Briefing: Happier and healthier: improving conditions in the PRS

By: Vicky Pearlman
Published: September 2017

Happier and healthier: improving conditions in the PRS

Everyone should have a home that is warm, safe and secure.

But too many homes in today’s private rented sector are in very poor condition, severely compromising families’ health and wellbeing, and in the most extreme cases putting lives at risk.

Property conditions in the private rented sector are worse than any in any other tenure. We know that there are also problems with conditions and enforcement in social renting and we are undertaking separate work on this. The private rented sector is, therefore, the focus of this briefing. As the cost of home ownership rises and the lack of social housing endures, the private rented sector is playing an increasingly important role in housing people. It is vital that these homes are safe and decent.

Local councils have responded in a wide variety of ways to the different challenges they face in improving conditions in their local PRS. The case study councils featured in this briefing have made imaginative use of their existing powers, both formal and informal, to empower renters and target poor landlords.

But while conditions in much of the PRS are undoubtedly improving, thanks to existing legislation and inspection regimes, there is still more to be done.

Hard fought new powers in the Housing and Planning Act 2016 extend the range of measures local councils can use to take tough enforcement action and crack down on rogue landlords who, either wilfully or through ignorance, allow their tenants to live in poor conditions, causing ill health and distress. These new powers allow councils to build on their existing initiatives and impose banning orders, civil penalty notices and rent repayment orders on landlords who fail to improve conditions in their properties, and to maintain a database of banned landlords and those convicted of a banning order offence. They will be able to share this, along with information from tenancy deposit schemes, to better build and share intelligence about rogue landlords.

But problems with the supply of, and demand for, private rented homes (including the lack of security of tenure), diminishing resources for local council enforcement teams and the difficulty renters face in exercising their consumer power and taking action against poor landlords themselves, means that, on their own, the new powers will not be enough to significantly improve conditions in the private rented sector.

Shelter is optimistic about the prospects for a new Homes (Fit for Human Habitation) Bill, presented as a private members’ bill in July 2017. Renters must have a right to expect that homes are fit to live in. Most good landlords already provide this, but renters must have a direct route independent of local authority resources and priorities to enforce basic housing standards in their home, without fearing eviction and homelessness as a result.
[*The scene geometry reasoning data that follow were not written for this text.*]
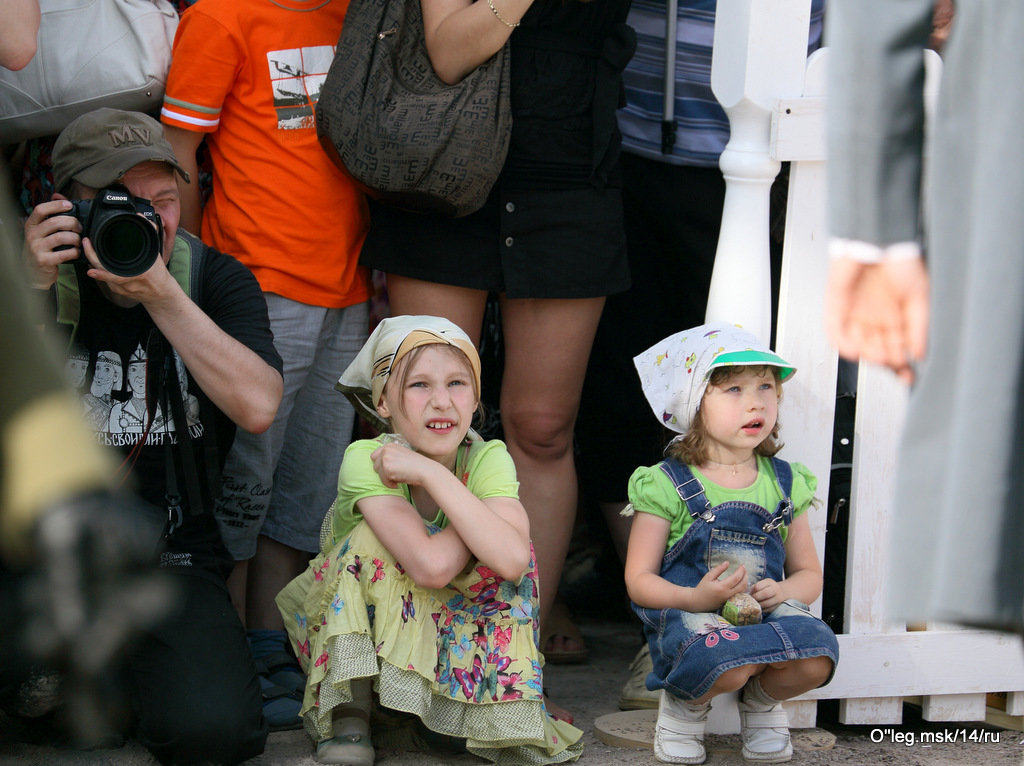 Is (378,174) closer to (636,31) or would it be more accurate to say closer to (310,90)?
(310,90)

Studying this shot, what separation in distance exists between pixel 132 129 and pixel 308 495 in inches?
37.8

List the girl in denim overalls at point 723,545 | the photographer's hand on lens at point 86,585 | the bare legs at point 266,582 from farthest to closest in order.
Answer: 1. the bare legs at point 266,582
2. the girl in denim overalls at point 723,545
3. the photographer's hand on lens at point 86,585

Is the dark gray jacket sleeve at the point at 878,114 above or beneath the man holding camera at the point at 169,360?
above

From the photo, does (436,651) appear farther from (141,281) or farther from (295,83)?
(295,83)

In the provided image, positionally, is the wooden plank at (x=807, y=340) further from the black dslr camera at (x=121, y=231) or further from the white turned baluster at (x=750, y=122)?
the black dslr camera at (x=121, y=231)

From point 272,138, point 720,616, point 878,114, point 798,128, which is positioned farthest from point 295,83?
point 878,114

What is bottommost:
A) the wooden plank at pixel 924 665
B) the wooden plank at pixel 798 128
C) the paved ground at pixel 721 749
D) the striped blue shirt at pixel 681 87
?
the paved ground at pixel 721 749

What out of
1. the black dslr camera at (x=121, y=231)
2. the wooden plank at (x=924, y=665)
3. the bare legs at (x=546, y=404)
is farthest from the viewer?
the bare legs at (x=546, y=404)

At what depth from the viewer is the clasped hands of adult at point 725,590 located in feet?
8.27

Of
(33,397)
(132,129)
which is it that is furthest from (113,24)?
(33,397)

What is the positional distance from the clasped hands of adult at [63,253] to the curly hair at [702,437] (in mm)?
1077

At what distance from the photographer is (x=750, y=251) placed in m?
2.78

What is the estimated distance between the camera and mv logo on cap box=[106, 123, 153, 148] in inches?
102

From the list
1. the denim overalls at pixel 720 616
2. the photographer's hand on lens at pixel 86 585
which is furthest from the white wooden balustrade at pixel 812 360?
the photographer's hand on lens at pixel 86 585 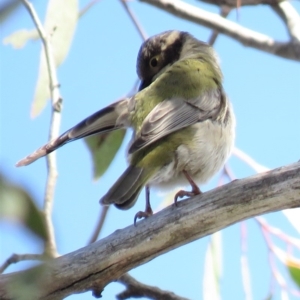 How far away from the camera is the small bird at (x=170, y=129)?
2459 millimetres

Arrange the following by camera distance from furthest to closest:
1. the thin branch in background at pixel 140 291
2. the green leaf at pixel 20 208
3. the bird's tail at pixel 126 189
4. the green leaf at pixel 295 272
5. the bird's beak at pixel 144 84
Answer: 1. the bird's beak at pixel 144 84
2. the green leaf at pixel 295 272
3. the bird's tail at pixel 126 189
4. the thin branch in background at pixel 140 291
5. the green leaf at pixel 20 208

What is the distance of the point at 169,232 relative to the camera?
198 centimetres

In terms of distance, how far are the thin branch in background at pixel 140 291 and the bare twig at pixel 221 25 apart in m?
1.35

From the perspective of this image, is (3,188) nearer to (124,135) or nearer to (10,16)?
(10,16)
Local councils have responded in a wide variety of ways to the different challenges they face in improving conditions in their local PRS. The case study councils featured in this briefing have made imaginative use of their existing powers, both formal and informal, to target poor landlords and empower renters. They have demonstrated how important a mixed, localised, resource-clever approach is to crack down on rogue landlords. Common themes across their work have included:- Targeted and proactive inspection of the local private rented sector- Bids for additional funding to support adequately resourced enforcement teams- Use of prosecutions as a method of formal enforcement, when notices are not complied with- Building proactive relationships with the local private rented sector through accreditation and licensing schemes- Harnessing the skills and knowledge of other agencies- Working to educate tenants and landlords of their rights and responsibilities

To make a significant improvement to conditions in the private rented sector, there needs to be a fundamental review of housing standards, including updating the evidence base that sits behind the HHSRS (which is now 20 years old) and reinstating some basic housing standards that are easy for both renters and landlords to understand.

This must then be supported by increased consumer rights for renters to take their own action against landlords who fail to keep their properties in a safe and decent condition, freeing up local councils to concentrate their limited resource on the worst offenders.

We continue to call for increased security of tenure in the private rented sector. This would significantly increase tenants’ ability to enforce consumer standards themselves, without fear of being evicted. Ending the freeze on local housing allowance, and restoring rates to at least the 30th percentile of the local rental market, would put renters in a stronger position to complain, knowing that, if the worst did happen and they were evicted, they would have more chance of finding a new home that they could afford.

Access to free legal advice when a problem first emerges has been hugely restricted as a result of changes following the Legal Aid, Sentencing and Punishment of Offenders Act in 2012. Free advice now kicks in only at the point of crisis – when a family faces imminent homelessness or disrepair has become a serious risk to their health or safety. The power imbalance between renters and poor landlords could be significantly reduced if the government reinstated Legal Aid for issues of disrepair.

Work to prevent homelessness should go hand in hand with enforcement. Councils should examine how Homelessness Reduction Act 2017 funding could assist with this. This should include identifying those tenants at risk of becoming homeless and helping them to stay in their existing home, challenging illegal and revenge eviction and harassment and defending no fault evictions wherever possible. If all this fails, the council should help them find another home.